D’emblée, je voudrais avertir mes lecteurs que je suis très critique quant aux relations de l’Eglise au monde financier. Je suis d’autant plus acerbe que je travaille à plein temps en entreprise et que je suis journellement au contact de l’e-commerce, du marketing et des contingences financières. Faut-il préciser que je suis à l’aise dans mon job et que je n’ai pas d’appréhension à gagner de l’argent ! Il en va tout autrement pour l’Eglise. Dans mon ministère, j’ai dû apprendre à travailler avec une autre mentalité quant aux questions financières, non pas qu’il y ait dichotomie entre mon existence en entreprise et celle en Eglise, mais plutôt une portée différente.
De bon ton
Pour parler du chantier financier de l’Eglise, je voudrais surtout me référer à la question du pouvoir. Mammon est un puissant pouvoir qui a pourri la vie des chrétiens et du monde depuis la nuit des temps. À la différence du passé, aujourd’hui, l’argent est le pouvoir central dans notre monde. Il n’a que très peu de contre-pouvoir et il devient de bon ton, surtout dans nos pays européens, de l’afficher.
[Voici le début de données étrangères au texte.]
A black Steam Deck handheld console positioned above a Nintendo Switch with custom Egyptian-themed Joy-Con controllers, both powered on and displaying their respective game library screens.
Ce n’est pas innocent qu’un président en France, qui se dit vouloir être le président de tous les Français, se prélasse, après son élection, au vu et au su de tous, sur le yacht d’un de ses amis milliardaires. Même si les présidents précédents n’étaient pas des angelots en la matière, au moins ils avaient la pudeur de ne pas s’afficher ostensiblement avec les plus riches.
Une Eglise politicarde
L’Eglise s’est toujours fait avoir par les différents pouvoirs. Lorsqu’elle a frayé avec l’empereur Constantin dans les premiers siècles, elle est devenue éminemment politique et l’Eglise catholique, issue de ce lignage, l’est encore en grande partie aujourd’hui, détenant même un territoire (le Vatican), une armée (les Gardes suisses), une administration, des ambassadeurs (les nonces apostoliques) et un certain pouvoir politique !
Comment peux-t-on imaginer qu’une figure de proue de la chrétienté comme Bernard de Clairvaux (1090-1153) ait pu prêcher la deuxième croisade à Vézelay ? Il a simplement raisonné selon le pouvoir dominant. Pour nous, aujourd’hui, ce côté politique et politicard de l’Eglise nous est complètement étranger.
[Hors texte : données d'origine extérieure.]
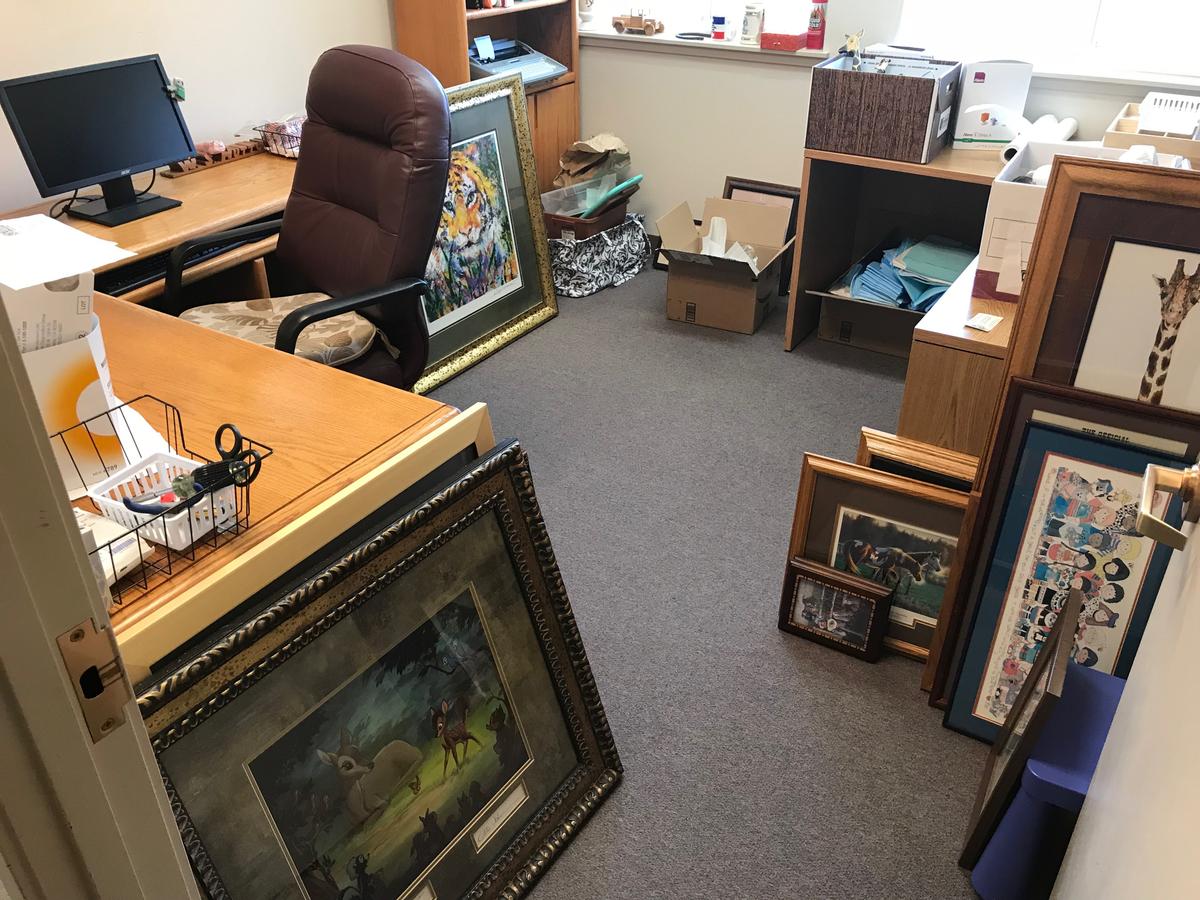 Paintings and office furniture wait to be cleared out of the closed pediatric practice of Dr. Steve Hutton in Aberdeen, Washington. CREDIT ENRIQUE PEREZ DE LA ROSA / NORTHWEST NEWS NETWORK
Une Eglise « intellectuelle »
Plus tard, les réformés et les luthériens, issus des milieux humanistes et universitaires de la Renaissance, sont devenus des chrétiens dominés par l’université et l’école, nouveau pouvoir en Occident. Au XIXe siècle, les évangéliques ont réagi contre cet intellectualisme froid et raisonneur en lançant un vrai contre-pouvoir où on a redonné de l’importance aux prédicateurs laïcs, non formés dans le sérail de l’Académie, ainsi qu’à des pratiques comme les dons spirituels pour le pentecôtisme, qui ne pouvaient pas s’apprendre sur les bancs de l’école.
Une Eglise riche
Le mouvement évangélique est né avec l’essor de l’industrie en Europe, marchepied du capitalisme. Il a beaucoup « guerroyé » sur le plan doctrinal pour se faire une place au soleil, alors qu’un pouvoir plus puissant le guettait. Il a passé son temps à s’opposer aux Eglises officielles et historiques, sans se rendre compte qu’elles allaient de toute façon perdre de leur importance et de leur influence.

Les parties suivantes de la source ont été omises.